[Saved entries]

++++++

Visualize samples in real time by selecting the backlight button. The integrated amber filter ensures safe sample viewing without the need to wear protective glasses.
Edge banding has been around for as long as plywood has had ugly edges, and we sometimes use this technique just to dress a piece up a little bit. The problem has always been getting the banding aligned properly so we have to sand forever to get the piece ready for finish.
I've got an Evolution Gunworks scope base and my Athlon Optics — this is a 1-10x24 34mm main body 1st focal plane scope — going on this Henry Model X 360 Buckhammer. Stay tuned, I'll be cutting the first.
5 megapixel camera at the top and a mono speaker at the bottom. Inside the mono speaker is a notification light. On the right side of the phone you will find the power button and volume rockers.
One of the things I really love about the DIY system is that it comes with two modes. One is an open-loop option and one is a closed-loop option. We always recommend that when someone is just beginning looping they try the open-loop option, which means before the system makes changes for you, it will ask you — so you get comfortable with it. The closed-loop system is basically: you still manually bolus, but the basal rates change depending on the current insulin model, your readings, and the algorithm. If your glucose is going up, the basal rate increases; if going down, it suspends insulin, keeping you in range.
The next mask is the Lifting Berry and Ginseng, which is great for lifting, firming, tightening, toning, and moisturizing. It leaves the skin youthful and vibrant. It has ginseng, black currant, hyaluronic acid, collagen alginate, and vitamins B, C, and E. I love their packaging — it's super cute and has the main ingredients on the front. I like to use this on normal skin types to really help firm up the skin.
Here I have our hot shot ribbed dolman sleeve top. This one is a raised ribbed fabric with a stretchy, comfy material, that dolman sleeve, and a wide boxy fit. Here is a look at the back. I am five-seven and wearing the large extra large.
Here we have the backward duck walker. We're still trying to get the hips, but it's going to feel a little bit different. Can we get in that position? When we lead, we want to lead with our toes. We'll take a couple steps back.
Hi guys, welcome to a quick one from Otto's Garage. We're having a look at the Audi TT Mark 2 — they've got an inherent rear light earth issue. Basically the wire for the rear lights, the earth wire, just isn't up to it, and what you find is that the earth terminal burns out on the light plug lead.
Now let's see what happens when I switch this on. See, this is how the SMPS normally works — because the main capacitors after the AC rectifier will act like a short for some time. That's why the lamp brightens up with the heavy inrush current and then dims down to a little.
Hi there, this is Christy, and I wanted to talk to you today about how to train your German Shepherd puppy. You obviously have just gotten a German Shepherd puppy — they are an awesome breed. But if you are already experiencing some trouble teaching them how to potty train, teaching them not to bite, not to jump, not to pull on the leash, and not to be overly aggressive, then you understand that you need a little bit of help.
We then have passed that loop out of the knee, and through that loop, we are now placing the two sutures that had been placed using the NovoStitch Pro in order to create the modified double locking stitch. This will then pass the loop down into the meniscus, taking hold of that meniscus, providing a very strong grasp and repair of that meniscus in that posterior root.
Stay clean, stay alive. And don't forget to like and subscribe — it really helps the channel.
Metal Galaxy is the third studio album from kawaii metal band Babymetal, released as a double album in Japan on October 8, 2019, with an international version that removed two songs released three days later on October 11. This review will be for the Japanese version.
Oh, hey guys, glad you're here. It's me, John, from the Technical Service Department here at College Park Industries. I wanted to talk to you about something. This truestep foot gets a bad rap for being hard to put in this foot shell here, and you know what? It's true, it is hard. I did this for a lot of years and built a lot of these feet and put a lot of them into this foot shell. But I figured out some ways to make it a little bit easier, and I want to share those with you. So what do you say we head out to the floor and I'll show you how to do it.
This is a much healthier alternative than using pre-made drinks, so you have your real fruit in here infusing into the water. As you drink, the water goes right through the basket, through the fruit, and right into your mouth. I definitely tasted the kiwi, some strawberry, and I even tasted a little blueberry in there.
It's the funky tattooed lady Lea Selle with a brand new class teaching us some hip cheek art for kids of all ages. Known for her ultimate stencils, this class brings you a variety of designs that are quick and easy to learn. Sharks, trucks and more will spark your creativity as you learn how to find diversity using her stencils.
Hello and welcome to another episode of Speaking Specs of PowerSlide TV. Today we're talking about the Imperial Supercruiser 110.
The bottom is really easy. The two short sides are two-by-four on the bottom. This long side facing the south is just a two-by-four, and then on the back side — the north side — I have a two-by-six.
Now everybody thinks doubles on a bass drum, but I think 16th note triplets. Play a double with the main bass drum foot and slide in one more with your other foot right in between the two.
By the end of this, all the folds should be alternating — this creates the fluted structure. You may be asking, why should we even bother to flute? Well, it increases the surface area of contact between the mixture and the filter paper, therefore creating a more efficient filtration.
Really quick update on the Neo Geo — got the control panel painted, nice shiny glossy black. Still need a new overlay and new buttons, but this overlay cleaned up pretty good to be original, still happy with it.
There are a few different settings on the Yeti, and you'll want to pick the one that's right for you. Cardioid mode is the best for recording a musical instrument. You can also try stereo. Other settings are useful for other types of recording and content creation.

++++++

Exercise goal:
All the lines above should come back exactly as written.

Completed exercise:
Visualize samples in real time by selecting the backlight button. The integrated amber filter ensures safe sample viewing without the need to wear protective glasses.
Edge banding has been around for as long as plywood has had ugly edges, and we sometimes use this technique just to dress a piece up a little bit. The problem has always been getting the banding aligned properly so we have to sand forever to get the piece ready for finish.
I've got an Evolution Gunworks scope base and my Athlon Optics — this is a 1-10x24 34mm main body 1st focal plane scope — going on this Henry Model X 360 Buckhammer. Stay tuned, I'll be cutting the first.
5 megapixel camera at the top and a mono speaker at the bottom. Inside the mono speaker is a notification light. On the right side of the phone you will find the power button and volume rockers.
One of the things I really love about the DIY system is that it comes with two modes. One is an open-loop option and one is a closed-loop option. We always recommend that when someone is just beginning looping they try the open-loop option, which means before the system makes changes for you, it will ask you — so you get comfortable with it. The closed-loop system is basically: you still manually bolus, but the basal rates change depending on the current insulin model, your readings, and the algorithm. If your glucose is going up, the basal rate increases; if going down, it suspends insulin, keeping you in range.
The next mask is the Lifting Berry and Ginseng, which is great for lifting, firming, tightening, toning, and moisturizing. It leaves the skin youthful and vibrant. It has ginseng, black currant, hyaluronic acid, collagen alginate, and vitamins B, C, and E. I love their packaging — it's super cute and has the main ingredients on the front. I like to use this on normal skin types to really help firm up the skin.
Here I have our hot shot ribbed dolman sleeve top. This one is a raised ribbed fabric with a stretchy, comfy material, that dolman sleeve, and a wide boxy fit. Here is a look at the back. I am five-seven and wearing the large extra large.
Here we have the backward duck walker. We're still trying to get the hips, but it's going to feel a little bit different. Can we get in that position? When we lead, we want to lead with our toes. We'll take a couple steps back.
Hi guys, welcome to a quick one from Otto's Garage. We're having a look at the Audi TT Mark 2 — they've got an inherent rear light earth issue. Basically the wire for the rear lights, the earth wire, just isn't up to it, and what you find is that the earth terminal burns out on the light plug lead.
Now let's see what happens when I switch this on. See, this is how the SMPS normally works — because the main capacitors after the AC rectifier will act like a short for some time. That's why the lamp brightens up with the heavy inrush current and then dims down to a little.
Hi there, this is Christy, and I wanted to talk to you today about how to train your German Shepherd puppy. You obviously have just gotten a German Shepherd puppy — they are an awesome breed. But if you are already experiencing some trouble teaching them how to potty train, teaching them not to bite, not to jump, not to pull on the leash, and not to be overly aggressive, then you understand that you need a little bit of help.
We then have passed that loop out of the knee, and through that loop, we are now placing the two sutures that had been placed using the NovoStitch Pro in order to create the modified double locking stitch. This will then pass the loop down into the meniscus, taking hold of that meniscus, providing a very strong grasp and repair of that meniscus in that posterior root.
Stay clean, stay alive. And don't forget to like and subscribe — it really helps the channel.
Metal Galaxy is the third studio album from kawaii metal band Babymetal, released as a double album in Japan on October 8, 2019, with an international version that removed two songs released three days later on October 11. This review will be for the Japanese version.
Oh, hey guys, glad you're here. It's me, John, from the Technical Service Department here at College Park Industries. I wanted to talk to you about something. This truestep foot gets a bad rap for being hard to put in this foot shell here, and you know what? It's true, it is hard. I did this for a lot of years and built a lot of these feet and put a lot of them into this foot shell. But I figured out some ways to make it a little bit easier, and I want to share those with you. So what do you say we head out to the floor and I'll show you how to do it.
This is a much healthier alternative than using pre-made drinks, so you have your real fruit in here infusing into the water. As you drink, the water goes right through the basket, through the fruit, and right into your mouth. I definitely tasted the kiwi, some strawberry, and I even tasted a little blueberry in there.
It's the funky tattooed lady Lea Selle with a brand new class teaching us some hip cheek art for kids of all ages. Known for her ultimate stencils, this class brings you a variety of designs that are quick and easy to learn. Sharks, trucks and more will spark your creativity as you learn how to find diversity using her stencils.
Hello and welcome to another episode of Speaking Specs of PowerSlide TV. Today we're talking about the Imperial Supercruiser 110.
The bottom is really easy. The two short sides are two-by-four on the bottom. This long side facing the south is just a two-by-four, and then on the back side — the north side — I have a two-by-six.
Now everybody thinks doubles on a bass drum, but I think 16th note triplets. Play a double with the main bass drum foot and slide in one more with your other foot right in between the two.
By the end of this, all the folds should be alternating — this creates the fluted structure. You may be asking, why should we even bother to flute? Well, it increases the surface area of contact between the mixture and the filter paper, therefore creating a more efficient filtration.
Really quick update on the Neo Geo — got the control panel painted, nice shiny glossy black. Still need a new overlay and new buttons, but this overlay cleaned up pretty good to be original, still happy with it.
There are a few different settings on the Yeti, and you'll want to pick the one that's right for you. Cardioid mode is the best for recording a musical instrument. You can also try stereo. Other settings are useful for other types of recording and content creation.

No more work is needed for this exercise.